CrossPT-EEG: A Benchmark for Cross-Participant and Cross-Time Generalization of EEG-based Visual Decoding
This addresses the problem of limited practical EEG applications for visual decoding in brain-computer interfaces and neuroscience research, though it is incremental as it builds on existing methods with new data.
The authors tackled the lack of large, high-quality EEG datasets for visual decoding by introducing CrossPT-EEG, a benchmark with EEG data from 16 participants viewing 4,000 images, enabling cross-participant and cross-time generalization.

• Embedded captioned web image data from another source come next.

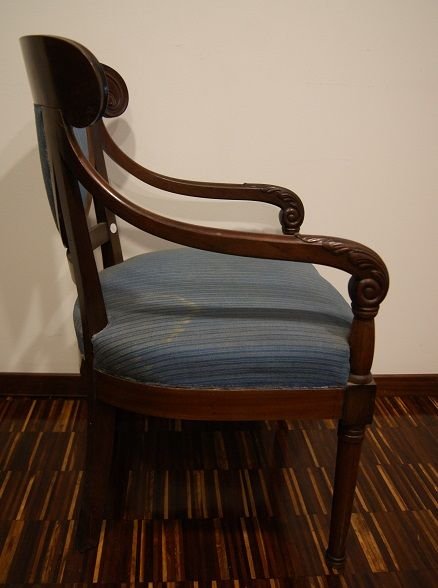 Poltrona da scrivania francese della metà del 1800, stile Direttorio, in massello di mogano-photo-2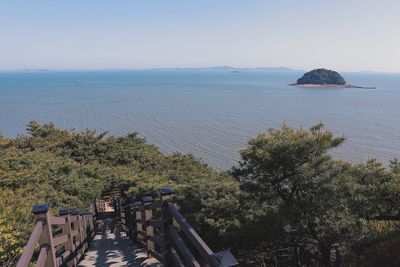 High angle view of sea against sky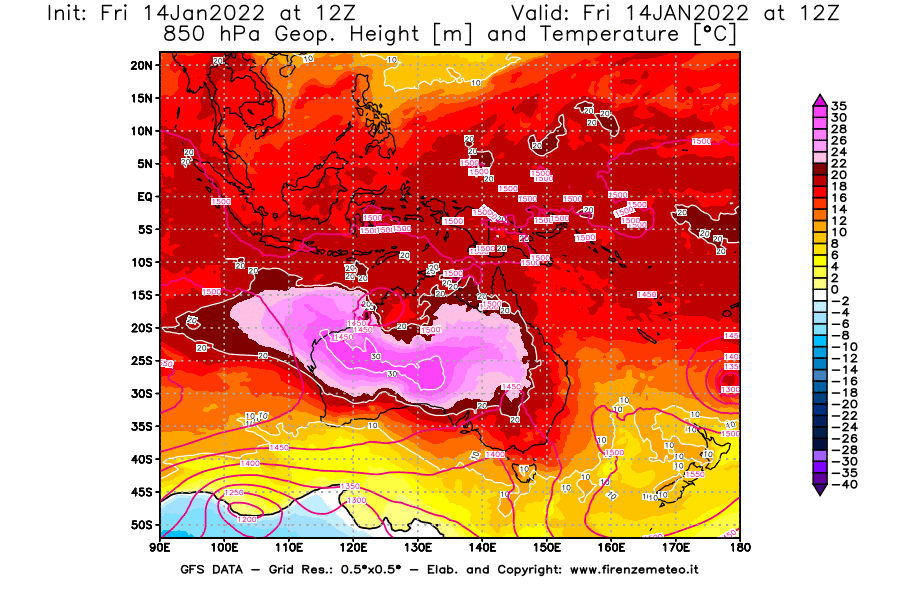 Mappa di analisi GFS - Geopotenziale [m] e Temperatura [°C] a 850 hPa in Oceania
							del 14/01/2022 12 <!--googleoff: index-->UTC<!--googleon: index-->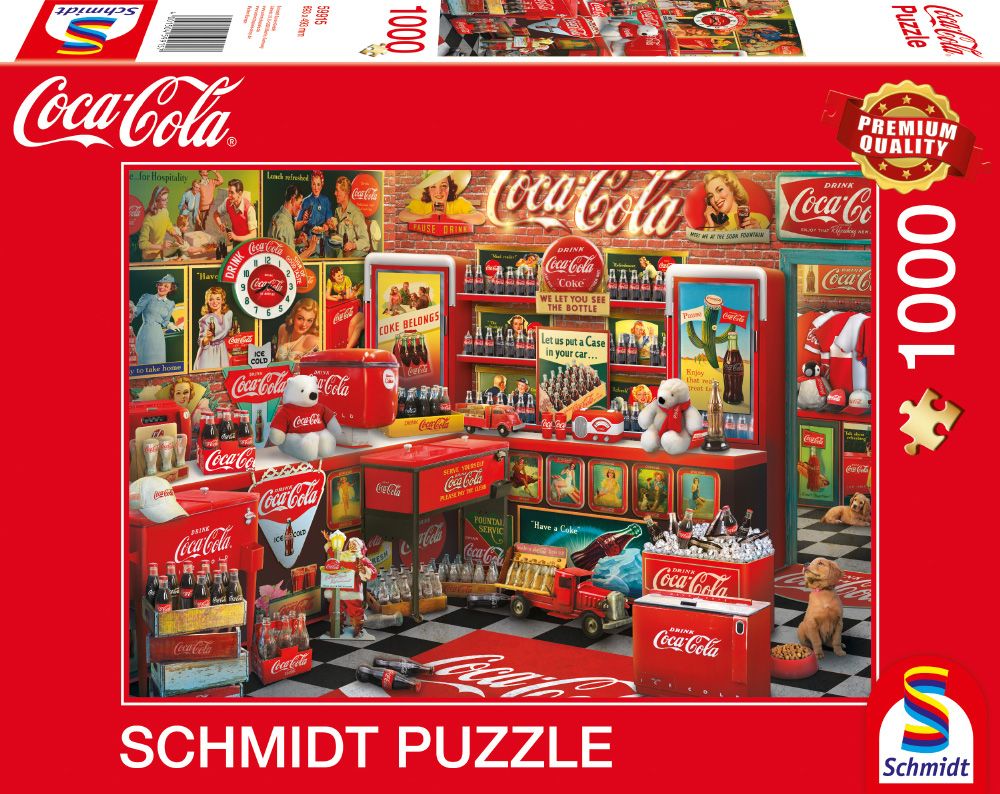 Schmidt Spiele GmbH Puzzles Coca Cola - Nostalgie-Shop - 1000 Teile Puzzle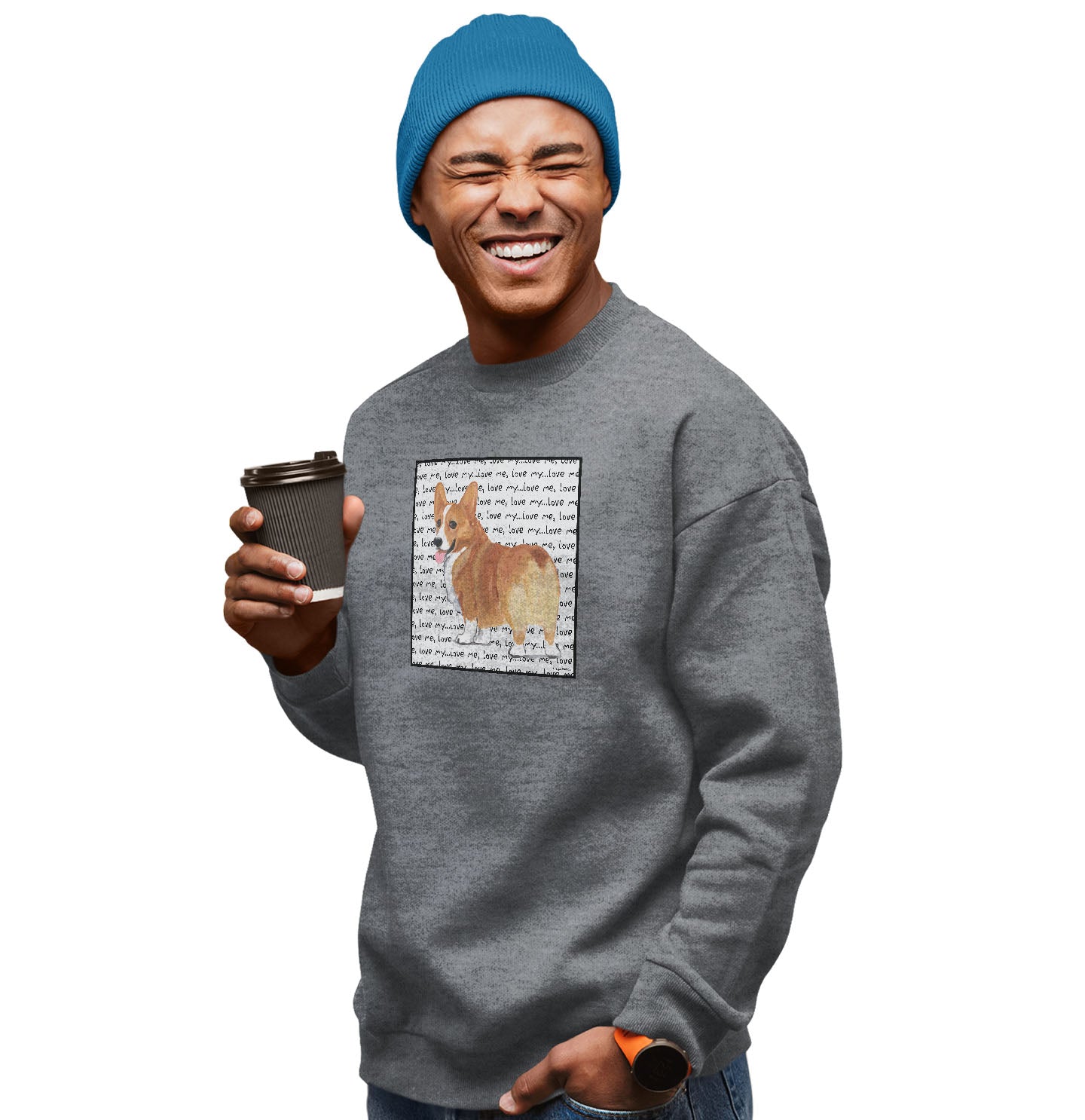 Corgi Love Text - Adult Unisex Crewneck Sweatshirt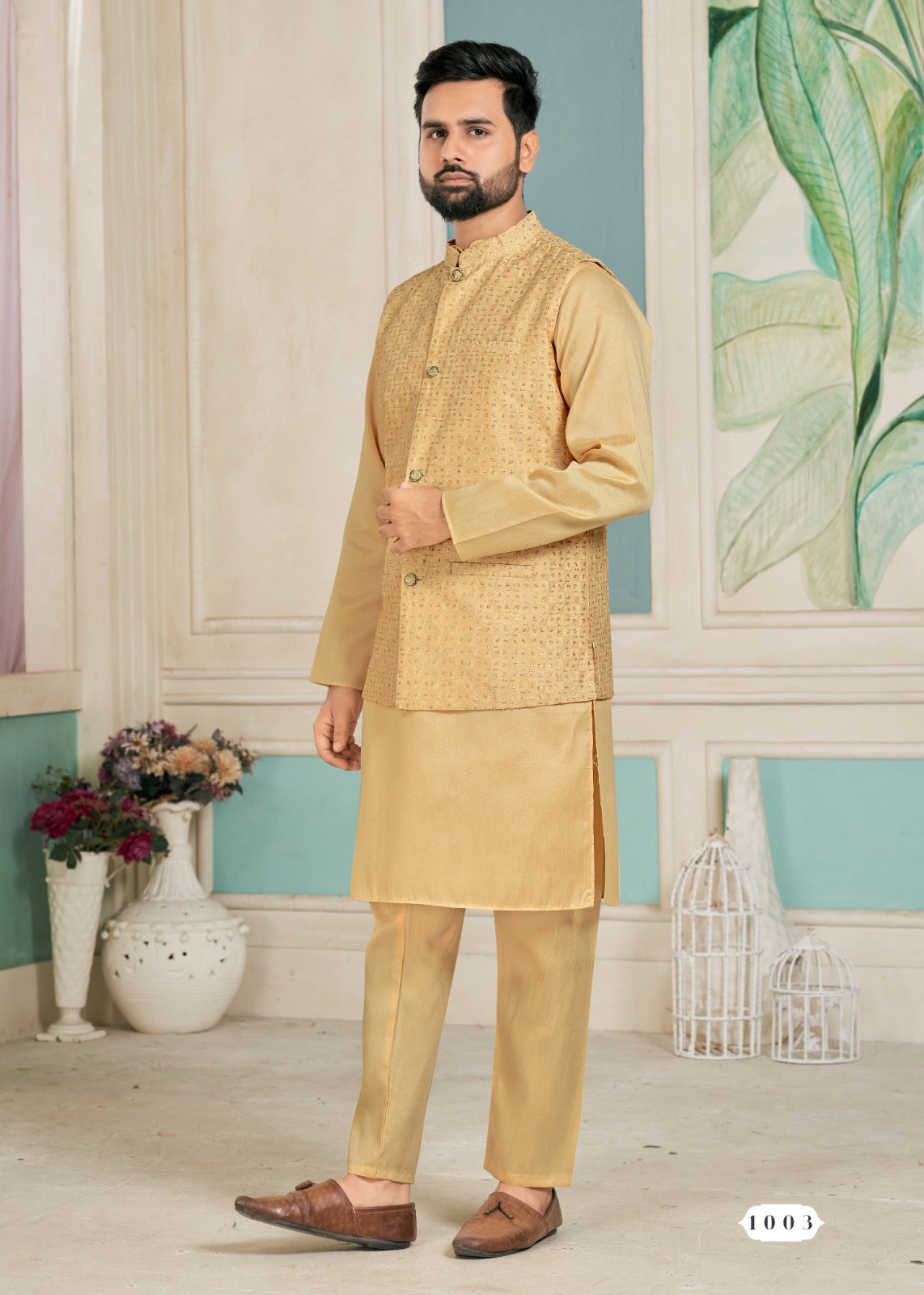 Beautiful Party Wear Kurta Pajama With Koti Jacket1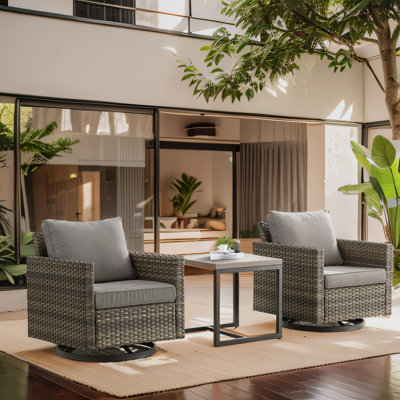 Naresa Wicker Outdoor Accent Swivel Glider Lounge Chair Set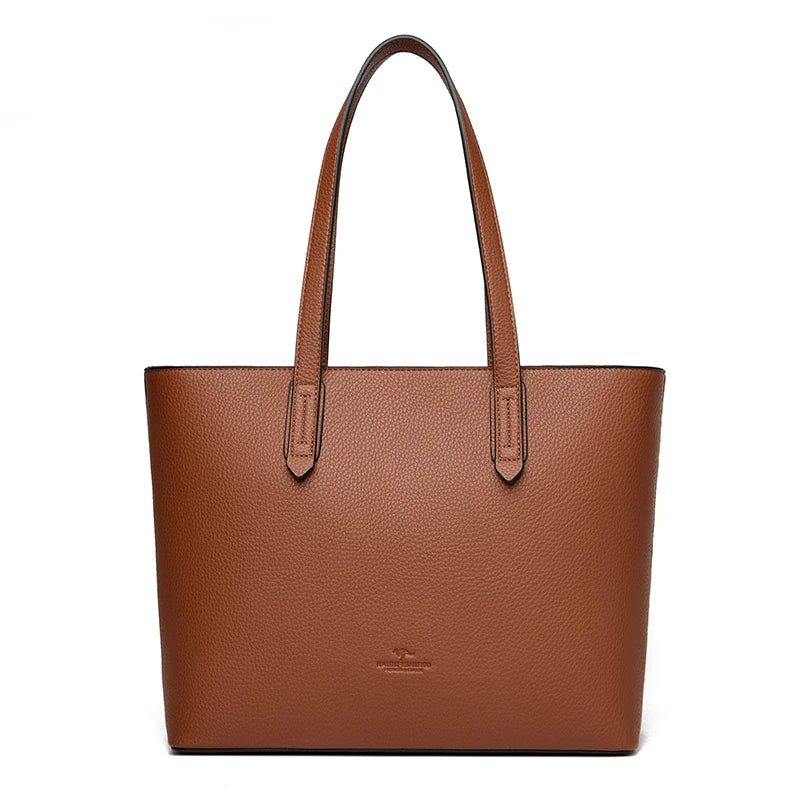 New High Quality Fashion Soft Leather Women's Bucket Bag Luxury Trendy Women Handbag Large Capacity Female Shopping Bags Wallet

Exploring brain activity in relation to visual perception provides insights into the biological representation of the world. While functional magnetic resonance imaging (fMRI) and magnetoencephalography (MEG) have enabled effective image classification and reconstruction, their high cost and bulk limit practical use. Electroencephalography (EEG), by contrast, offers low cost and excellent temporal resolution, but its potential has been limited by the scarcity of large, high-quality datasets and by block-design experiments that introduce temporal confounds. To fill this gap, we present CrossPT-EEG, a benchmark for cross-participant and cross-time generalization of visual decoding from EEG. We collected EEG data from 16 participants while they viewed 4,000 images sampled from ImageNet, with image stimuli annotated at multiple levels of granularity. Our design includes two stages separated in time to allow cross-time generalization and avoid block-design artifacts. We also introduce benchmarks tailored to non-block design classification, as well as pre-training experiments to assess cross-time and cross-participant generalization. These findings highlight the dataset's potential to enhance EEG-based visual brain-computer interfaces, deepen our understanding of visual perception in biological systems, and suggest promising applications for improving machine vision models.